Step ii: Clone your fork to your computer (DO ONCE)

Now that you have your repository forked to your account, you will need to clone it to your computer. Just like forking, you only have to clone your fork to your computer once. It will live there until you decide to remove it. We will need two things to clone our repository:

  1. a place you want to store this repostiory (eg. a folder called forks in your Documents)
  2. git2r

Create your forks folder

First, we need to make sure that we are working in the folder where we want to set up our fork. In this tutorial, we will use setwd() to do this via the R console, but it is possible to do this via Rstudio.

If you are using Windows:

fork_dir <- "~/forks"

If you are using OSX:

fork_dir <- "~/Documents/forks"

Now, we create the directory and then move there:

dir.create(fork_dir)

We can use the function list.files() to see what’s inside the directory:

list.files()
## character(0)

Currently, there’s nothing here. We will use the clone() function from git2r to make a copy of our repository. If you type help("clone", "git2r") in your R console, you can see documentation about the function. We need two things from this function:

  1. The URL of the git repository
  2. The path to our folder where we want to store it

The URL for the git repository is simply just the URL for your fork with .git at the end of it. For mine, it’s https://github.com/zkamvar/popgenInfo.git.

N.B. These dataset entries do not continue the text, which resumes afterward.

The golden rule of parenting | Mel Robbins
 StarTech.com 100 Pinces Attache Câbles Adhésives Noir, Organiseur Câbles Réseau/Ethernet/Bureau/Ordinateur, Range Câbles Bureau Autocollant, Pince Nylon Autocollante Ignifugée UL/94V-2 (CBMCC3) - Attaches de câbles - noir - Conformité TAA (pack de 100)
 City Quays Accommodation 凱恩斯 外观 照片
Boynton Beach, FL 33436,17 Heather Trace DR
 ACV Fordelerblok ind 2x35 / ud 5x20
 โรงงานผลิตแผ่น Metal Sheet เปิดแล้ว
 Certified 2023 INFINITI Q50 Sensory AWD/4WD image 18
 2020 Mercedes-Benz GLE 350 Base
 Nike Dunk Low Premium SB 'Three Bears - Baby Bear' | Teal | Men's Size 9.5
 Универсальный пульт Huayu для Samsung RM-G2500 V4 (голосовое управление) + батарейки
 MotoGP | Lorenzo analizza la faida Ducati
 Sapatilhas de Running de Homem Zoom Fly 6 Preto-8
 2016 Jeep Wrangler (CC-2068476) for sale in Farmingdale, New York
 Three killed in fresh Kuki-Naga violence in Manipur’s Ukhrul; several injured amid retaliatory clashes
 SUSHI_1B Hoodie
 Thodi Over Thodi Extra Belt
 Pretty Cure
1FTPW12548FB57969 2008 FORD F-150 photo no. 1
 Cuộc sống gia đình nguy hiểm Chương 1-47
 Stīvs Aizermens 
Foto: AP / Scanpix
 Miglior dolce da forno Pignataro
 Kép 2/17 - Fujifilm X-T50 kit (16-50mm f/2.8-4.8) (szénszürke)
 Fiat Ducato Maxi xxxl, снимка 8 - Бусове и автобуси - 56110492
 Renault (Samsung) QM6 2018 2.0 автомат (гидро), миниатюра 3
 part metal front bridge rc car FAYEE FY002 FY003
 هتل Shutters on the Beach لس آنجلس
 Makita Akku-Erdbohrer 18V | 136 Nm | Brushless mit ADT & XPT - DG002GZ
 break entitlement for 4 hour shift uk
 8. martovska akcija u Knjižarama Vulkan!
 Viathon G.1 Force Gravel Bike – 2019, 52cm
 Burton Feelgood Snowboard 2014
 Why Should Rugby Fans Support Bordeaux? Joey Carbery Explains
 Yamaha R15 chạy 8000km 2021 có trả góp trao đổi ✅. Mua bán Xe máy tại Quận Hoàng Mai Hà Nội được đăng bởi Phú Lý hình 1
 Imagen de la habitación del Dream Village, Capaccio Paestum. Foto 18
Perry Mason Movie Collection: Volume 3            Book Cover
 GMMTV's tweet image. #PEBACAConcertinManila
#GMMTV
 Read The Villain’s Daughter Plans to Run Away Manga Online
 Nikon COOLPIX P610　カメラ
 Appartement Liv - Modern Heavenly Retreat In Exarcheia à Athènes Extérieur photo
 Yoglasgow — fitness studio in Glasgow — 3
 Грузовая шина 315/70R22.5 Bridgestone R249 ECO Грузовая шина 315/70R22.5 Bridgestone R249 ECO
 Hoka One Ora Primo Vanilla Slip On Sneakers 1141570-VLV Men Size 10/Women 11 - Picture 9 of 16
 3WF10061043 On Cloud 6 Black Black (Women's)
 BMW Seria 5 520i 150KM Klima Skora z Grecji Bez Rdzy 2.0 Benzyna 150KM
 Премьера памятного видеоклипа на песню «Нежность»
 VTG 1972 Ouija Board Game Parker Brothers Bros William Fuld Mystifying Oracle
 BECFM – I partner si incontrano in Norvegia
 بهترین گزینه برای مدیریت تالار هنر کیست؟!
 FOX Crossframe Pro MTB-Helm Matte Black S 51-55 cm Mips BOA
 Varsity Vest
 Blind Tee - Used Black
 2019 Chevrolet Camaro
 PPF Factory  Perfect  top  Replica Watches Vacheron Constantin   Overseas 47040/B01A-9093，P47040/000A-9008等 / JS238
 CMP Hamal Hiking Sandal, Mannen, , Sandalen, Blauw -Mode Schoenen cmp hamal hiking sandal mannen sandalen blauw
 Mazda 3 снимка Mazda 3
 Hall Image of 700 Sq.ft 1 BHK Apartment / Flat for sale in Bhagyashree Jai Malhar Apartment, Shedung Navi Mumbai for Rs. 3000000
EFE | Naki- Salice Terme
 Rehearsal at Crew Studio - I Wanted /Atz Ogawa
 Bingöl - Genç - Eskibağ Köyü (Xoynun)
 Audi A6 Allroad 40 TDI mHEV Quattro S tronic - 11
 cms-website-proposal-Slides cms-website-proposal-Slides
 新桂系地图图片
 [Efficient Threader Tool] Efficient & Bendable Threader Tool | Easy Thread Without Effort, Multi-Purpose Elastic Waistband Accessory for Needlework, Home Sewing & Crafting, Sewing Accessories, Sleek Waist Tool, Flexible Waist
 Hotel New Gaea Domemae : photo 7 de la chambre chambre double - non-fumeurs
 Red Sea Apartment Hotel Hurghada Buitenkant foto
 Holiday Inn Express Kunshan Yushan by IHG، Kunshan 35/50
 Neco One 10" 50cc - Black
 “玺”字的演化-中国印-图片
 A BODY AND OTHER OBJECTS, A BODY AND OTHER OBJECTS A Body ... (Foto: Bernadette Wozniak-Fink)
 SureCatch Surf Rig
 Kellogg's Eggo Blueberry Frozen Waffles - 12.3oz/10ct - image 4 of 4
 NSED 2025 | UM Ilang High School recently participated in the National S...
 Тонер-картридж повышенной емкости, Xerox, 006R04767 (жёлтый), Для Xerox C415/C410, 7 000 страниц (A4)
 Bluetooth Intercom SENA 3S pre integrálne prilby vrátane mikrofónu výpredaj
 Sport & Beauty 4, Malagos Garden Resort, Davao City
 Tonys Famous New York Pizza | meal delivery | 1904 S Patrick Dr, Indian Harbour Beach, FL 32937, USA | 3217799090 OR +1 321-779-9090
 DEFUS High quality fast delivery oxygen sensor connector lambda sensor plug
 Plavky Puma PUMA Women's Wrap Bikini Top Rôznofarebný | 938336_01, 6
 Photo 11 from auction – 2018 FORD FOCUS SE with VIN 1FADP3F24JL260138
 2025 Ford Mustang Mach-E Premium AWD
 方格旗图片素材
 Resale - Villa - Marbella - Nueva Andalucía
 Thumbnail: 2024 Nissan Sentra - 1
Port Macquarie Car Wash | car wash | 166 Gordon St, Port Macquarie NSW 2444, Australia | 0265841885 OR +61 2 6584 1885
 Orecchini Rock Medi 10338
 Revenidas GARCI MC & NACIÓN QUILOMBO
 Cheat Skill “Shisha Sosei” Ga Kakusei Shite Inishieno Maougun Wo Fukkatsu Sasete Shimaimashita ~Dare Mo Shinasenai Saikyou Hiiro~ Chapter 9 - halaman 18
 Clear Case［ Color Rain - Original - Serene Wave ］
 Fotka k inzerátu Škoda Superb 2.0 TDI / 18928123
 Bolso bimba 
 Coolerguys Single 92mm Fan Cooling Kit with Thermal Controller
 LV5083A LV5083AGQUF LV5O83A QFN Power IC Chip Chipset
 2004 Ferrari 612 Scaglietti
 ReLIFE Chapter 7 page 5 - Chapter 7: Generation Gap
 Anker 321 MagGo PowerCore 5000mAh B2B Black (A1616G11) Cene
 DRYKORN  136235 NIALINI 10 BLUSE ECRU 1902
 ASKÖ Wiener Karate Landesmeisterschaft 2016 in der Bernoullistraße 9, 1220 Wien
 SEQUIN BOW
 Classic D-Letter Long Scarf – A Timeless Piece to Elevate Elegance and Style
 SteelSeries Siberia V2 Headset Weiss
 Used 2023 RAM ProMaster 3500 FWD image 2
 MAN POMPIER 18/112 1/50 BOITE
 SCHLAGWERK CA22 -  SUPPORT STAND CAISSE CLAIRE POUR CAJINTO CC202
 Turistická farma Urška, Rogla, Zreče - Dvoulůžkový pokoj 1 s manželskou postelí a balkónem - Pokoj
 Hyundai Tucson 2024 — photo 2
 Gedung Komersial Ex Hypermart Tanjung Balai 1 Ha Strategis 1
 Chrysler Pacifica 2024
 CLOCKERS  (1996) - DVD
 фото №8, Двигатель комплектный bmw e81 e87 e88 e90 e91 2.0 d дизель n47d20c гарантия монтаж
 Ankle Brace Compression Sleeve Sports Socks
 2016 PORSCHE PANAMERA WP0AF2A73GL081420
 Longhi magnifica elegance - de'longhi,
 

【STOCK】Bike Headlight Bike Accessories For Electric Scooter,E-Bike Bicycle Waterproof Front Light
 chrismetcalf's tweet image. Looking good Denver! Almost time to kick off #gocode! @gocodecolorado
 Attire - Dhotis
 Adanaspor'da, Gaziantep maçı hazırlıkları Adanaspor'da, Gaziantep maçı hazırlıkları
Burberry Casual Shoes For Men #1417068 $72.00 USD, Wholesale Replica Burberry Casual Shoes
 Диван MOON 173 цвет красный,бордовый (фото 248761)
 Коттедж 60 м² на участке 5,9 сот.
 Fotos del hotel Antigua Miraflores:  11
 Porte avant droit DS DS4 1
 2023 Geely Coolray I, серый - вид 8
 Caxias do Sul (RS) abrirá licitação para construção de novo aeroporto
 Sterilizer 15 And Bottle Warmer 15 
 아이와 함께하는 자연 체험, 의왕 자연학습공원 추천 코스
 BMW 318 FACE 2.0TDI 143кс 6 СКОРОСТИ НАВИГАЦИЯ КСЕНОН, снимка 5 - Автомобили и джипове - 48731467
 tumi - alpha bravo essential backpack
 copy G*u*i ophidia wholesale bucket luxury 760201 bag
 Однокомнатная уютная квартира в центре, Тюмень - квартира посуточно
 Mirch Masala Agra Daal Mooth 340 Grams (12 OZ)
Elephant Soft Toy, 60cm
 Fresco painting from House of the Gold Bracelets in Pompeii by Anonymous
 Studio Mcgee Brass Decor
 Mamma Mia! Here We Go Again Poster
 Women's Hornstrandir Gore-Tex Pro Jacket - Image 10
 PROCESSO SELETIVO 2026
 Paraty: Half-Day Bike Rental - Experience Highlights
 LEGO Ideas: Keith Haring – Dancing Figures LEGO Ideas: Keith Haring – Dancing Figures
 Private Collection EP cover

To keep things simple, we will name the folder we want to put the repository in “popgenInfo”.

library("git2r")
clone(url = "https://github.com/zkamvar/popgenInfo.git",
      local_path = "popgenInfo")
## Loading required package: methods
## cloning into '/tmp/Rtmp0tQOP9/popgenInfo'...
## Receiving objects:   1% (25/2446),    9 kb
## Receiving objects:  11% (270/2446),   56 kb
## Receiving objects:  21% (514/2446),  104 kb
## Receiving objects:  31% (759/2446), 1949 kb
## Receiving objects:  41% (1003/2446), 7413 kb
## Receiving objects:  51% (1248/2446), 11678 kb
## Receiving objects:  61% (1493/2446), 11719 kb
## Receiving objects:  71% (1737/2446), 11743 kb
## Receiving objects:  81% (1982/2446), 11799 kb
## Receiving objects:  91% (2226/2446), 11999 kb
## Receiving objects: 100% (2446/2446), 12005 kb, done.
## Local:    master /tmp/Rtmp0tQOP9/popgenInfo/
## Remote:   master @ origin (https://github.com/zkamvar/popgenInfo.git)
## Head:     [0f515c1] 2016-07-18: Add publication and citation to README and contribution guidelines (#192)

Now when we look at our directory, we can see that we have one folder called “popgenInfo”:

list.files()
## [1] "popgenInfo"

We can move into the folder with setwd() and look at all the files in there.

setwd("popgenInfo")
list.files()
##  [1] "build"                       "circle.yml"                 
##  [3] "CONDUCT.md"                  "CONTRIBUTING_WITH_GIT2R.Rmd"
##  [5] "CONTRIBUTING.md"             "data"                       
##  [7] "DATAFORMATS.md"              "DESCRIPTION"                
##  [9] "develop"                     "developer_example.Rmd"      
## [11] "GETSTARTED.md"               "images"                     
## [13] "index.md"                    "install"                    
## [15] "LEARN.md"                    "LICENSE"                    
## [17] "Makefile"                    "PACKAGES.md"                
## [19] "popgenInfo.Rproj"            "R_MARKDOWN.md"              
## [21] "README.md"                   "SNP.md"                     
## [23] "SSR.md"                      "TEMPLATE.Rmd"               
## [25] "use"                         "USINGR.md"                  
## [27] "WORKFLOWS.md"

Now we have successfully cloned our repository into our computer using git2r. Next, we will set up our credentials and keep our master branch up to date.

Setting up your clone

To access the repository, all you have to do is open it by double-clicking on the “popgenInfo.Rproj” file. This will open Rstudio to this folder and set it as the working directory. After that, in your R console, type:

library("git2r") # in case you're starting from here
repo <- repository()
repo
## Local:    master /tmp/Rtmp0tQOP9/popgenInfo/
## Remote:   master @ origin (https://github.com/zkamvar/popgenInfo.git)
## Head:     [0f515c1] 2016-07-18: Add publication and citation to README and contribution guidelines (#192)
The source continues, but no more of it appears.